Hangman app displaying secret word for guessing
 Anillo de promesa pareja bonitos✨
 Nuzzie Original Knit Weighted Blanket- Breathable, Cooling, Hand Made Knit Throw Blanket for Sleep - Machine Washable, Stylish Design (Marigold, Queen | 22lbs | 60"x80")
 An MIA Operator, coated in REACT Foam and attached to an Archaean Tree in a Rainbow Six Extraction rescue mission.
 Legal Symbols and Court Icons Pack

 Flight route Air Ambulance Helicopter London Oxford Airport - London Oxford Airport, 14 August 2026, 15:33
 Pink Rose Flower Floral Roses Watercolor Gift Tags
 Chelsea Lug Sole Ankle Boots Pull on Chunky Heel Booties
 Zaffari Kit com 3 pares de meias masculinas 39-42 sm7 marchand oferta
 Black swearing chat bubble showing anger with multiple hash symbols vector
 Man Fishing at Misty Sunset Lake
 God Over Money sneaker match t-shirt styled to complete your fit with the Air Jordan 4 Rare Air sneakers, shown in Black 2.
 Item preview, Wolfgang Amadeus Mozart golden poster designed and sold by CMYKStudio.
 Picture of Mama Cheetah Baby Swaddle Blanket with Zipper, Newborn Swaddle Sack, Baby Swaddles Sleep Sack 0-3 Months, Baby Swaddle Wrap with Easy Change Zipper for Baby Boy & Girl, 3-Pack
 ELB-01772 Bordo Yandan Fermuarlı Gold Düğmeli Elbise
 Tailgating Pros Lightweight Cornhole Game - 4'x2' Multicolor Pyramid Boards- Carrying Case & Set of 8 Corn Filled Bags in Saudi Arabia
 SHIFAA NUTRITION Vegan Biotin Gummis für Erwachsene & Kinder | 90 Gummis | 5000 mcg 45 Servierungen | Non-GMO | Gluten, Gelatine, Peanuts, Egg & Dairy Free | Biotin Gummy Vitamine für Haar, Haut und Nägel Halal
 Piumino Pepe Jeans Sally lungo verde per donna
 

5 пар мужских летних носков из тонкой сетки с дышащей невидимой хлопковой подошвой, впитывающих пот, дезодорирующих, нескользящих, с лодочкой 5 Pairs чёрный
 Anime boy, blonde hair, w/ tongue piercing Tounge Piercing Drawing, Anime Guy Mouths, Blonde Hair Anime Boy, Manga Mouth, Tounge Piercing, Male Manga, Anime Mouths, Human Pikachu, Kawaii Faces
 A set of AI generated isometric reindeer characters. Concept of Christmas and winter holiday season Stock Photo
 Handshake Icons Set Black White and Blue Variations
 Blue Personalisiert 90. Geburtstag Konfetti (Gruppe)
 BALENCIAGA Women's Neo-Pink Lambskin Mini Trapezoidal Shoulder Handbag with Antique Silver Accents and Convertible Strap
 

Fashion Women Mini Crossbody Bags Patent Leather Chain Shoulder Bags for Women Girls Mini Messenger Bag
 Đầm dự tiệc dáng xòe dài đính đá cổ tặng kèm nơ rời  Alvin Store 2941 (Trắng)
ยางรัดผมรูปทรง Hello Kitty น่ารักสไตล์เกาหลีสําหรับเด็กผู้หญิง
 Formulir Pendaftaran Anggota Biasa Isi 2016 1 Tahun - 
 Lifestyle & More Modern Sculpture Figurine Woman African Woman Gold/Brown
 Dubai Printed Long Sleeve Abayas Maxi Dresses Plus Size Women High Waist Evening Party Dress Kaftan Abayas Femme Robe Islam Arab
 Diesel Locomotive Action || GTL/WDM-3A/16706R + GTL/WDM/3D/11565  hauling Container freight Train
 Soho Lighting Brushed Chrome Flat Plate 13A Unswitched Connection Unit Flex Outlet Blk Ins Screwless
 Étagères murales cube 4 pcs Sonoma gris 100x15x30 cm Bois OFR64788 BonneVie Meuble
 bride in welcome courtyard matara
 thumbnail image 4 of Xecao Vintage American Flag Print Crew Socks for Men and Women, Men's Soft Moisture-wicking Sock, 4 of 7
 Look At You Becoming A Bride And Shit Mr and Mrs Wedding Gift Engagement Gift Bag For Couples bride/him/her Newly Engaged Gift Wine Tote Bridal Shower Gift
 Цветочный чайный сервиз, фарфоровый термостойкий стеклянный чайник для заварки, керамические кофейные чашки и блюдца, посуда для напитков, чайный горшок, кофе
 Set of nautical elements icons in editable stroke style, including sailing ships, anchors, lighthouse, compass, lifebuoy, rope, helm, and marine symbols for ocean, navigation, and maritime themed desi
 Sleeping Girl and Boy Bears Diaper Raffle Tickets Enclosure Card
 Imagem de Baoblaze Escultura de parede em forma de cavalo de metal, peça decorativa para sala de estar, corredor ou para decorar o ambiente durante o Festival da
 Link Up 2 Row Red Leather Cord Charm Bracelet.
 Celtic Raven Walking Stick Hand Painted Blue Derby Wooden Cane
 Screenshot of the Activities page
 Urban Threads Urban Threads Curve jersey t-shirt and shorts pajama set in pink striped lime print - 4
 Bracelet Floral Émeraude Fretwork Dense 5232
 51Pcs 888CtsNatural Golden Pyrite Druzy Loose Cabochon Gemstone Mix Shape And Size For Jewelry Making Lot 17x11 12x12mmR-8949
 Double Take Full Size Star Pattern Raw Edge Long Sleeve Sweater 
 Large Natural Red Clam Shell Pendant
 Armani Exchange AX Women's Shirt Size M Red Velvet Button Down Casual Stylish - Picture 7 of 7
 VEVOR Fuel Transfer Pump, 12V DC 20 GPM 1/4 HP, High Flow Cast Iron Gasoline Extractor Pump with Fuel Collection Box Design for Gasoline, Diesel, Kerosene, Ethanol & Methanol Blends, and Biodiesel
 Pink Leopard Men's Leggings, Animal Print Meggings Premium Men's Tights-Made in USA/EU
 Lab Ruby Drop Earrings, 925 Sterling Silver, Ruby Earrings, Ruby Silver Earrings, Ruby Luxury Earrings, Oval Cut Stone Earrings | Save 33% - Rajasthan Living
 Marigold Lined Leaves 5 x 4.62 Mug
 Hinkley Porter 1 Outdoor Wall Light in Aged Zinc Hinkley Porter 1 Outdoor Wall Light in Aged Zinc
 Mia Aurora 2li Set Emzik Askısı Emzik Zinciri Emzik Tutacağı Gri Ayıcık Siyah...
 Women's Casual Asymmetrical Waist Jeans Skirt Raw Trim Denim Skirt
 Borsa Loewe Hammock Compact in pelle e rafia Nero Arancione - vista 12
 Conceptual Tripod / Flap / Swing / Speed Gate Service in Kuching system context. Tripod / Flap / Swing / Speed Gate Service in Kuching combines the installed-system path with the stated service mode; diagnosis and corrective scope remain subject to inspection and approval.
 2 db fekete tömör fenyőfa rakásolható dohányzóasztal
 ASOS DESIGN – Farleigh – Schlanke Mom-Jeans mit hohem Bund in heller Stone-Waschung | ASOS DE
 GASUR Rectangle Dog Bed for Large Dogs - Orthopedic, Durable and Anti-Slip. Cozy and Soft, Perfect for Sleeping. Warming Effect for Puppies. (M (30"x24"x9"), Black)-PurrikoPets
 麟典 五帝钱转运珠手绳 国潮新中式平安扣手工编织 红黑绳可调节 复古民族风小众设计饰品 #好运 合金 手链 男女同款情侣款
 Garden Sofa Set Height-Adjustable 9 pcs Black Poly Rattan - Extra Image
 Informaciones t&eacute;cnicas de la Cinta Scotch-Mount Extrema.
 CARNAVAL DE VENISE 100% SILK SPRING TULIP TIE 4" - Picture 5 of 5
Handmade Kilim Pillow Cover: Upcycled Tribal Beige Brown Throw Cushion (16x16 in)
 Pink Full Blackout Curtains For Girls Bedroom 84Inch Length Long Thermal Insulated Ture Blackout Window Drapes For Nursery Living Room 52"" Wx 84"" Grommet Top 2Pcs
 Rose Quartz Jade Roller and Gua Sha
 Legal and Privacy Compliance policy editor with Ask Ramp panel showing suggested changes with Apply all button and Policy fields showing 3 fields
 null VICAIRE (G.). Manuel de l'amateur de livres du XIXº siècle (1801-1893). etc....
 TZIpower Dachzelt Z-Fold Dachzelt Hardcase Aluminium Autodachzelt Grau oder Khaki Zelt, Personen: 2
:::::
--- Problem to work on ---
Please reproduce, exactly as they appear above, the lines from the line containing "ELB-01772 Bordo Yandan" up to and including the line containing "Blue Personalisiert 90.".

--- Written reply ---
 ELB-01772 Bordo Yandan Fermuarlı Gold Düğmeli Elbise
 Tailgating Pros Lightweight Cornhole Game - 4'x2' Multicolor Pyramid Boards- Carrying Case & Set of 8 Corn Filled Bags in Saudi Arabia
 SHIFAA NUTRITION Vegan Biotin Gummis für Erwachsene & Kinder | 90 Gummis | 5000 mcg 45 Servierungen | Non-GMO | Gluten, Gelatine, Peanuts, Egg & Dairy Free | Biotin Gummy Vitamine für Haar, Haut und Nägel Halal
 Piumino Pepe Jeans Sally lungo verde per donna
 

5 пар мужских летних носков из тонкой сетки с дышащей невидимой хлопковой подошвой, впитывающих пот, дезодорирующих, нескользящих, с лодочкой 5 Pairs чёрный
 Anime boy, blonde hair, w/ tongue piercing Tounge Piercing Drawing, Anime Guy Mouths, Blonde Hair Anime Boy, Manga Mouth, Tounge Piercing, Male Manga, Anime Mouths, Human Pikachu, Kawaii Faces
 A set of AI generated isometric reindeer characters. Concept of Christmas and winter holiday season Stock Photo
 Handshake Icons Set Black White and Blue Variations
 Blue Personalisiert 90. Geburtstag Konfetti (Gruppe)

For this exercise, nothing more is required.